Gut dysbiosis in IBS-D patients
A. PLS-DA revealed separation in microbial composition between patients with IBS-D and HCs. B. The percentage of community abundance in IBS-D patients and HCs at the phylum level. C. and D. The percentage of community abundance in IBS-D patients and HCs at the genus (C) and species (D) levels. Wilcoxon rank-sum test. *, 0.01 < P < 0.05. E. Manhattan plot showing enriched and reduced OTUs in IBS-D patients. OTUs that are significantly enriched are depicted as full triangles. The dashed line indicates the threshold of significance (P = 0.05). The color and size of each dot represents the different taxonomic affiliation of the OTUs and relative abundance, respectively (at the genus level). PLS-DA, partial least squares-discriminant analysis; OTU, operational taxonomic unit.

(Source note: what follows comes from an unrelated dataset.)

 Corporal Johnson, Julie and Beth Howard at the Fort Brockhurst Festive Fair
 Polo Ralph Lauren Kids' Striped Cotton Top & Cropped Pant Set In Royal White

Additionally, no significant difference was found in the amount of fecal short-chain fatty acids (SCFAs) between the two groups (Figure S6), which may be due to the following reasons. First, the content of fecal butyrate depends on production by bacterial fermentation and absorption in the colon. Second, the relatively small sample size may be a factor. The multifactorial determinants of fecal SCFAs may contribute to the inconsistent results.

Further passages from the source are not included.